Whit Stillman choisit de porter à l’écran l’un des premiers romans de Jane Austen, «Lady Susan», pour en faire un drame comique, léger et savoureux.

C’est vers 1794, alors qu’elle n’a que 18 ou 19 ans, que la jeune Jane Austen écrit «Lady Susan», un roman épistolaire autour d’une figure féminine non conventionnelle, une sorte de nouvelle Marquise de Merteuil, qui séduit et manipule comme elle respire.

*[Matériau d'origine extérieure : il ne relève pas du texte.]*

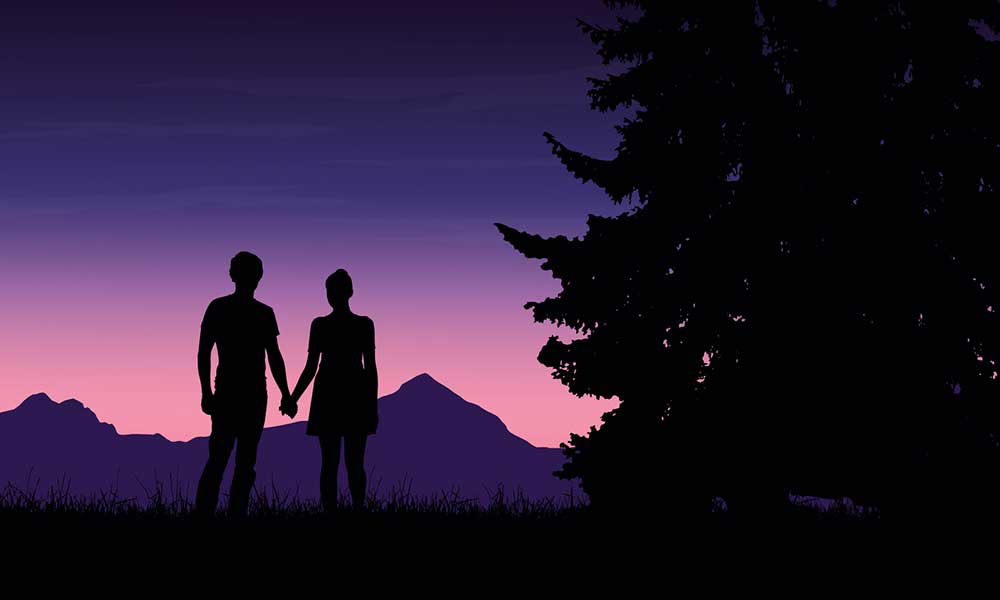 silhouette of a couple against a night sky with various hues of purple and pink mountain in the background and a tree to the right in the foreground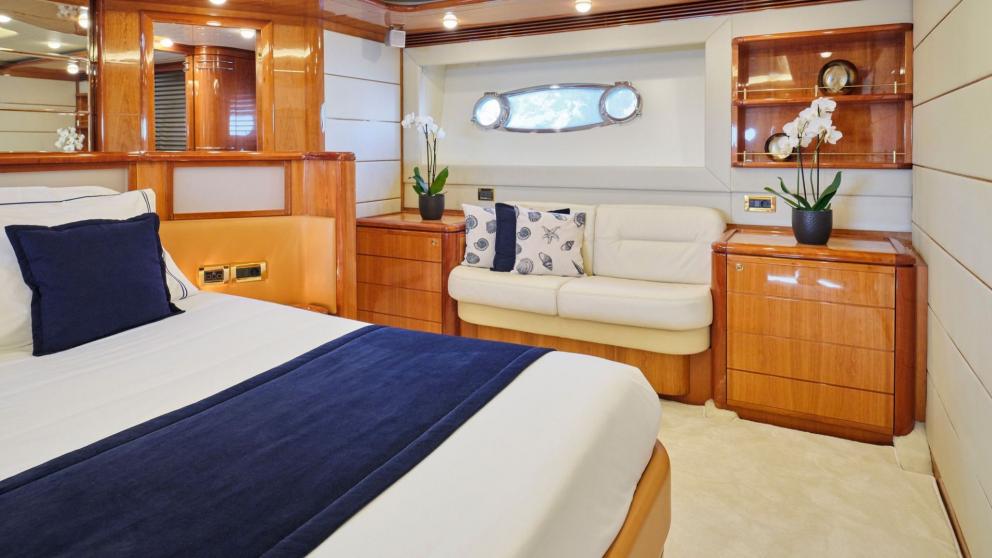 Elegant cabin with a large bed, stylish decor, and cozy seating area on a yacht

L’américain Whit Stilman, («Last Days of Disco», «Barcelona») porte à l’écran ce roman que Jane Austen avait choisi de ne pas publier (et qui ne parut qu’en 1871, un demi-siècle après sa mort), et parvient ce faisant à révéler l’humour de l’auteur, en nous offrant une adaptation truffée de répliques savoureuses, portée par d’excellents acteurs, dans une mise en scène classique, mais juste.

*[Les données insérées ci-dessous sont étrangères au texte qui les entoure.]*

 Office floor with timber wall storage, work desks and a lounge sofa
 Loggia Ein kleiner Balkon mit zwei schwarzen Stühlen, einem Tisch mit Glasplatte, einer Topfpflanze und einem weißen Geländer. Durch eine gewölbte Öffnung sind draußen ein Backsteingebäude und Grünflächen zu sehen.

Kate Beckinsale est une piquante Lady Susan, une veuve comme il était rare d’en croiser à l’époque, dans la littérature classique. Déterminée, calculatrice, elle tourne la tête aux hommes, les manipule à sa guise pour tirer le meilleur parti possible de chaque situation, et assurer, à elle et à sa fille Frederica, un confortable avenir.
Avec son amie, l’américaine en exil Mrs Alicia Johnson (Chloë Sevigniy), elle complote, renverse la vapeur et le cours des choses, pour toujours obtenir ses fins auprès des hommes, et rester constamment un objet de désir, malgré la réputation qui partout la précède.
Les boudoirs et les salons sont autant de lieux de messes-basses et de conspirations, et seul le cliquetis de la porcelaine à l’heure du thé ou le froufrou des robes viennent habiller l’espace sonore feutré de ces rencontres.
L’action se déroule le plus souvent à huis clos, dans les différentes pièces de la maison Churchill ou lors de promenades dans les jardins à l’anglaise. On envoie des missives ou murmures par serviteur interposés, pour se mieux se retrouver, seuls, en cachette, derrière des portes fermées.
Ce sont les femmes qui mènent la danse, elles qui décident du sort à réserver aux hommes, et leur analyse tombe, tel un couperet : l’un est « worth having », l’autre, au contraire, « too old to be governable, too young to die ».
Lady Susan connaît ses atouts, sait jouer des apparences. Ce qu’elle commet, elle ne le tolère chez personne d’autre : ainsi, lorsque Sir Reginald de Courcy, le jeune homme qu’elle convoite, ose ouvrir son courrier, et découvre que Lady Susan le trompe, cette dernière qualifie son acte de parfaitement « ungentlemanly », et précise qu’il n’y a que son amie Alicia Johnson et elle-même qui puissent se permettre de lire la correspondance des autres.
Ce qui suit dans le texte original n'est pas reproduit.